Task prompt :: Reprint the lines below as they are, minus the pictures.

Data block ::
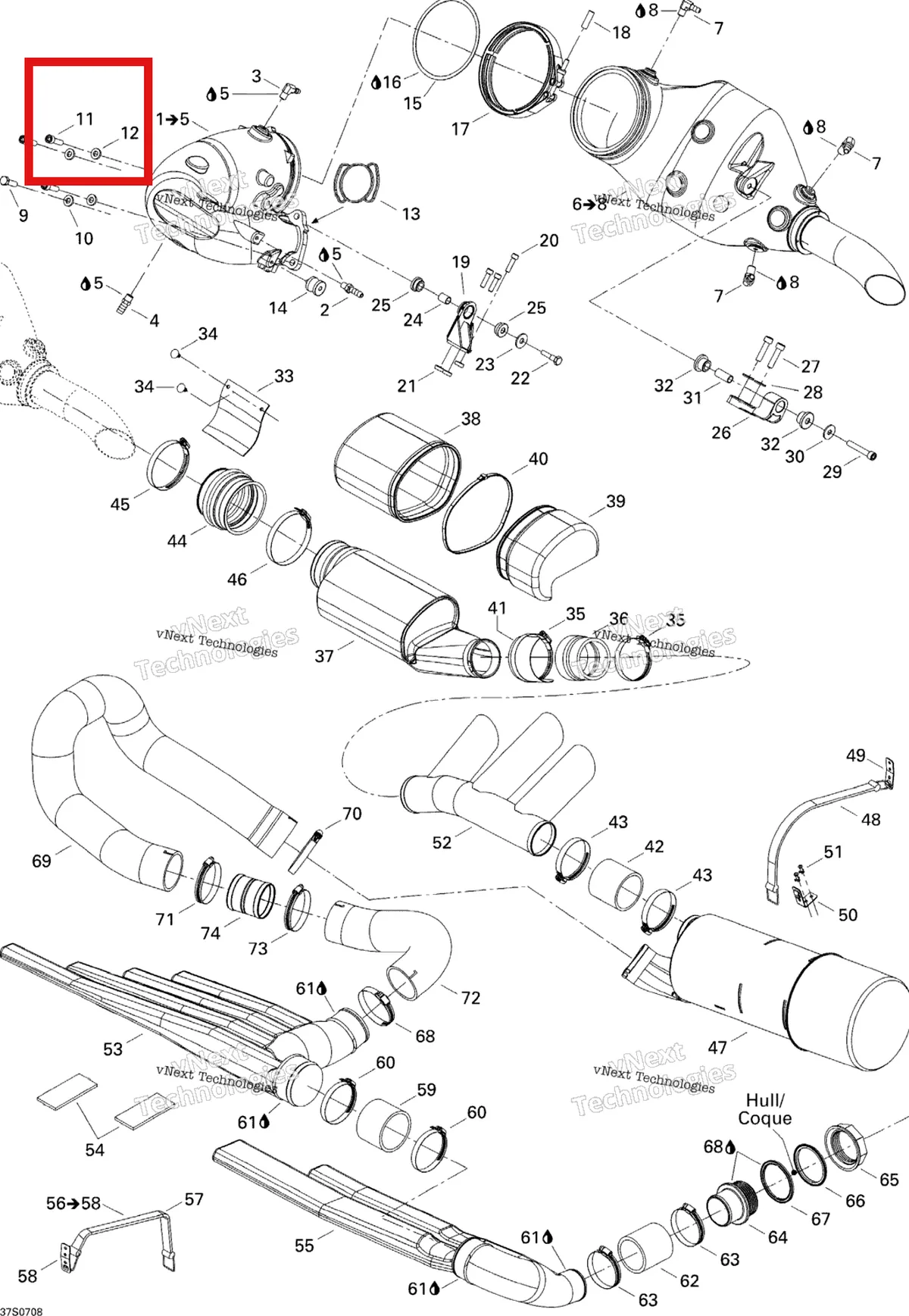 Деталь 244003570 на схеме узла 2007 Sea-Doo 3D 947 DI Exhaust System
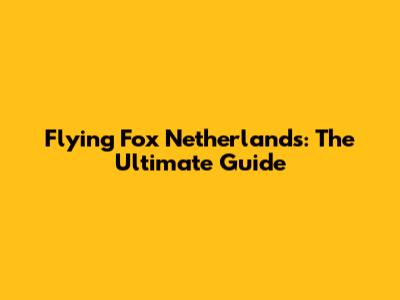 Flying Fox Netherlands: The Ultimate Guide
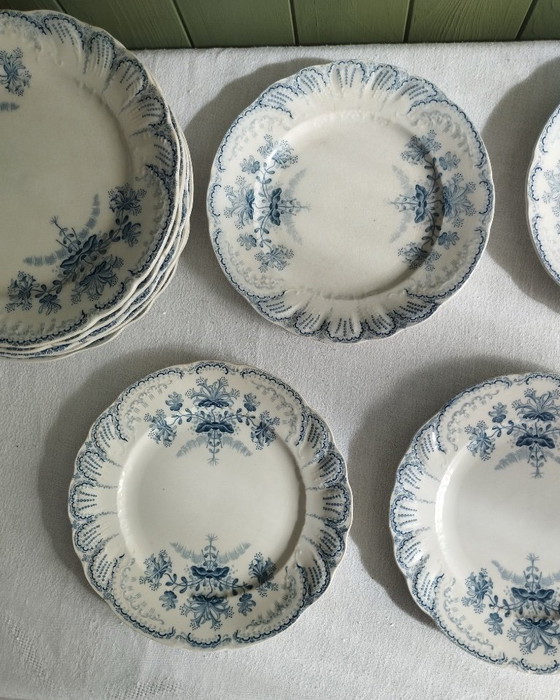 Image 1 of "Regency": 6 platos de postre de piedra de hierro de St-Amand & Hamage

Task output ::
 Деталь 244003570 на схеме узла 2007 Sea-Doo 3D 947 DI Exhaust System
 Flying Fox Netherlands: The Ultimate Guide
 Image 1 of "Regency": 6 platos de postre de piedra de hierro de St-Amand & Hamage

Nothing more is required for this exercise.